I saw the best minds of my generation destroyed by
madness, starving hysterical naked
*
“In the Bay region there are several poetry readings each week. They may be called at the drop of a hat. A card may read ‘A Celebrated Good Time Poetry Night. Either you go home bugged or completely enlightened. Allen Ginsberg blowing hot; Gary Snyder blowing cool; Philip Whalen puffing the laconic tuba; Mike McClure his hip high notes; Rex Roth on his big bass drum. Small collection for wine and postcards … abandon, noise, strange pictures on walls, oriental music, lurid poetry. Extremely serious. Town Hall theater. One and one final appearance of this apocalypse. Admission free.’
…
“The most remarkable poem of the young group, written during the past year, is ‘Howl,’ by Allen Ginsberg, a 29-year-old poet who is the son of Louis Ginsberg, a poet known to newspaper readers in the East. Ginsberg comes from Brooklyn; he studied at Columbia; after years of apprenticeship to usual forms, he developed his brave new medium. This poem has created a furor of praise or abuse whenever read or heard. It is a powerful work, cutting through to dynamic meaning. Ginsberg thinks he is going forward by going back to the methods of Whitman.

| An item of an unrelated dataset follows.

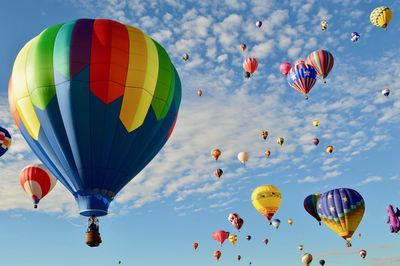 Low angle view of colorful hot air balloons against sky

“My first reaction was that it is based on destructive violence. It is profoundly Jewish in temper. It is Biblical in its repetitive grammatical build-up. It is a howl against everything in our mechanistic civilization which kills the spirit, assuming that the louder you shout the more likely you are to be heard. It lays bare the nerves of suffering and spiritual struggle. Its positive force and energy come from a redemptive quality of love, although it destructively catalogues evils of our time from physical deprivation to madness.”